= Database of Recorded American Music =

Streaming library

The Database of Recorded American Music (DRAM) is an online resource providing streaming media access to musical works from 26 independent record labels, along with their liner notes, album art, and other related materials.

== History ==
The database began as a project of New World Records, Inc. a not-for-profit recording label which has successfully maintained its distinctive mission for more than thirty years: to actively document and disseminate the work of American composers, selected solely based on artistic merit. Neglected by the commercial recording industry, whose primary motivation is to minimize risk to the profit margin, these are important compositions that would otherwise be seldom heard and narrowly accessible for listening or study. However, through DRAM, students, faculty and scholars affiliated with subscribing universities are able to access the database and use the system as frequently as they wish without charge.

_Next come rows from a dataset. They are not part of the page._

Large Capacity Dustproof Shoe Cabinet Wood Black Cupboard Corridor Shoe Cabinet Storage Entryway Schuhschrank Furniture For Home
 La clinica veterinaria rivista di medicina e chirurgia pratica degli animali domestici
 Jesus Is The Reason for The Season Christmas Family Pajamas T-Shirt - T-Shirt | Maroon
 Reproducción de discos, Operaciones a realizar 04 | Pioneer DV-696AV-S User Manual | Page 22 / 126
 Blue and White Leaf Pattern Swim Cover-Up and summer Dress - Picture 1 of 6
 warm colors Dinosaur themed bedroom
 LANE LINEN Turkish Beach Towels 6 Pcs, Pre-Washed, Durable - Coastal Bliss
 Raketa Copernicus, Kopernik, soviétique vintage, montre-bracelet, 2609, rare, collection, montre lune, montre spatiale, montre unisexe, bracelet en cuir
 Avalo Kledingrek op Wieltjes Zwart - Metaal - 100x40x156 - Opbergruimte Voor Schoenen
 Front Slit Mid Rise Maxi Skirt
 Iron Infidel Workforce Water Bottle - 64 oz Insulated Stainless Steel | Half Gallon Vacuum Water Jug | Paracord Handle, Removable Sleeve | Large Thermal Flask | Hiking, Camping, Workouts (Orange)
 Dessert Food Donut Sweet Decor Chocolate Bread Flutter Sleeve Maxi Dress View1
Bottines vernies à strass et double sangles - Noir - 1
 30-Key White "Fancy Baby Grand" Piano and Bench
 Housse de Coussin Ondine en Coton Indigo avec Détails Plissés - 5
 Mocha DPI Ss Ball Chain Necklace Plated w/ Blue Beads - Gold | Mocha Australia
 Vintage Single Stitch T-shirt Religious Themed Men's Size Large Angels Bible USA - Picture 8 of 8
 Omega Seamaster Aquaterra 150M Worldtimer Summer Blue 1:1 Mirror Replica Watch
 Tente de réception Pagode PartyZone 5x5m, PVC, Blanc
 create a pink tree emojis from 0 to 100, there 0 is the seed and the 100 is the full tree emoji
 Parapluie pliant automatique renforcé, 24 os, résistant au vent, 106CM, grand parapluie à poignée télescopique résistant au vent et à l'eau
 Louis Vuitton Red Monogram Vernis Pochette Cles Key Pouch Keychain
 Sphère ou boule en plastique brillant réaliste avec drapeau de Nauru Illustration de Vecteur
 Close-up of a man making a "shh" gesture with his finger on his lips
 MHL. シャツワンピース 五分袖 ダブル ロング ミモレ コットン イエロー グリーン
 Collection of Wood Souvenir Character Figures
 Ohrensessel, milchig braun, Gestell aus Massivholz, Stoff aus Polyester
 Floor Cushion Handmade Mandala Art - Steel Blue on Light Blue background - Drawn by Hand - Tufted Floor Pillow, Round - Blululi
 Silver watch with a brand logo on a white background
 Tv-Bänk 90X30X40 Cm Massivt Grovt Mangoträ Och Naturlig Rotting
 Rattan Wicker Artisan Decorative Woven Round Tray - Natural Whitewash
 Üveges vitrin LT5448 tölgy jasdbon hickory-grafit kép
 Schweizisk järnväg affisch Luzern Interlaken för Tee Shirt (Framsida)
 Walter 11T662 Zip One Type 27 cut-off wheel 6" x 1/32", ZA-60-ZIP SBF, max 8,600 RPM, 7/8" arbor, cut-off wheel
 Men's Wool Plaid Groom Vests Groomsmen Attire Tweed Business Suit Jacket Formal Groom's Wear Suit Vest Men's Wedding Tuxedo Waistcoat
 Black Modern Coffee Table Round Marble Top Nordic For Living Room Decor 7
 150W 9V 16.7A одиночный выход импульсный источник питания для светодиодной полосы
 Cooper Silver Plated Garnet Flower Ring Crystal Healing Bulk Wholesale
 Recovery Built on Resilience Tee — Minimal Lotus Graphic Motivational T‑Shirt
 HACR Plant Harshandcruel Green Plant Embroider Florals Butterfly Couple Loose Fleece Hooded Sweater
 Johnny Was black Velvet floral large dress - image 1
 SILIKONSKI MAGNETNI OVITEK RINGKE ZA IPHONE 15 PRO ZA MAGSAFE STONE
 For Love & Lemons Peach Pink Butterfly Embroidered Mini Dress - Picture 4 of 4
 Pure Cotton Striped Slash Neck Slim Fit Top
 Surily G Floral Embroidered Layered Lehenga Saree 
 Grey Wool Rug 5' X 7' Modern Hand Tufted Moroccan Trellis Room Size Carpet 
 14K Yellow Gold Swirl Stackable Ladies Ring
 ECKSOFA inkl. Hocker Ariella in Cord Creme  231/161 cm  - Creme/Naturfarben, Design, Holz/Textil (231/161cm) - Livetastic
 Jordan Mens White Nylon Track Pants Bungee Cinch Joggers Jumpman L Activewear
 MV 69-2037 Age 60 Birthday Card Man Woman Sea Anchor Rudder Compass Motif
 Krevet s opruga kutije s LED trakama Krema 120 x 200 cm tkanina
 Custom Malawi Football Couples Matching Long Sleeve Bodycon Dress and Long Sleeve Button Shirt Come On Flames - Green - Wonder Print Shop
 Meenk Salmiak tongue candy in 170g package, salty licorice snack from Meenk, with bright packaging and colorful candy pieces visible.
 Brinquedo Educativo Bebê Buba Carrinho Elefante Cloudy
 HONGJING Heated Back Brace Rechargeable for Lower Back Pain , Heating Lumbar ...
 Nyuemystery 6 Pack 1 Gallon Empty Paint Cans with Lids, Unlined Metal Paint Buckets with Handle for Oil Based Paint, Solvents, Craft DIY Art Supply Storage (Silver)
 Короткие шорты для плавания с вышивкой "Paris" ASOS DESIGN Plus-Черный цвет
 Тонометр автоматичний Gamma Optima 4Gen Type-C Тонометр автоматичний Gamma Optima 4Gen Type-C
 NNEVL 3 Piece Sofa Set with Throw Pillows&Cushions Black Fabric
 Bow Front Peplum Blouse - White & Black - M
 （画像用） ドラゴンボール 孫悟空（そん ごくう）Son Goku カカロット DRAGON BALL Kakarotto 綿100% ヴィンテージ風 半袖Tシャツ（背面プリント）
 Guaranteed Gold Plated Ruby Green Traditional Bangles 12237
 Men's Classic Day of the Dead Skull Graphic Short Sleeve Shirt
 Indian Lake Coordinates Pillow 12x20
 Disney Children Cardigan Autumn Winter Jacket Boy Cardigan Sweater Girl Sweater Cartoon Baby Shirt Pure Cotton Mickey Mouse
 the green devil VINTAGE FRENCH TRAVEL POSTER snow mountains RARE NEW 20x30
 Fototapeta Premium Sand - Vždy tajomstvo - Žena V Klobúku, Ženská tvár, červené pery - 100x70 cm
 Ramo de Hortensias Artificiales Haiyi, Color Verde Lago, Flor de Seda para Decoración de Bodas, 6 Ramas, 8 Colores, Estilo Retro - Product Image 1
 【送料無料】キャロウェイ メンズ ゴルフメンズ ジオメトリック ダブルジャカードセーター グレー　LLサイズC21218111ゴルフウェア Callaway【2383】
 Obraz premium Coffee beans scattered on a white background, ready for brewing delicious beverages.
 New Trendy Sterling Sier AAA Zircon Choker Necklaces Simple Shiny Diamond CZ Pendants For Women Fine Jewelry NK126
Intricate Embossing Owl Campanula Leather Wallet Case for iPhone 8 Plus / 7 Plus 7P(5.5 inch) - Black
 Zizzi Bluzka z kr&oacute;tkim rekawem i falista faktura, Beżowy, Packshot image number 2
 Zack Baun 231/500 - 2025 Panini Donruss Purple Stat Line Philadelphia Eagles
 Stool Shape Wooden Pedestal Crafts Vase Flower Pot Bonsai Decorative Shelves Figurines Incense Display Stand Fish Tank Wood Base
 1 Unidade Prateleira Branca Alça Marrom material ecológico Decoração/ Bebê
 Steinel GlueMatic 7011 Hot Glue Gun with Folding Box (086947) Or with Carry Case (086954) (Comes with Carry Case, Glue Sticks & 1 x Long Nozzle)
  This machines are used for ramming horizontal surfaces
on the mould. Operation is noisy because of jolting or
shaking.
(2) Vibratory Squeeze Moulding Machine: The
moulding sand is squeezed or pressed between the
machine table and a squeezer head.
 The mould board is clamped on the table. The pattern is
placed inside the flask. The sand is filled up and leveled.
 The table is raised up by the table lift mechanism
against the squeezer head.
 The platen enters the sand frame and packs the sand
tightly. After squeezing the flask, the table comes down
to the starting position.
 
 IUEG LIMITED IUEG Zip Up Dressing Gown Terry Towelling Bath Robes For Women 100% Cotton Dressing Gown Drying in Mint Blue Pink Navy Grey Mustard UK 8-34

In 2006, the parent company of DRAM and New World Records modified its name from Recorded Anthology of American Music, Inc. (RAAM) to Anthology of Recorded Music, Inc. (ARM) and charter in order to allow works from non-American composers to be included in DRAM. Though New World Records remains exclusively dedicated to the American composer, DRAM's mission has expanded to include content from foreign sources and composers, so long as it satisfies the curatorial requirements of the collection.

All materials are keyword-searchable using any number of criteria, including composer, performer, date of publication, Library of Congress Classification and label of origin. DRAM facilitates the use of music in research for students and faculty across 90 campuses and gives scholarship philosophical priority in its approach to both collection development and intellectual property.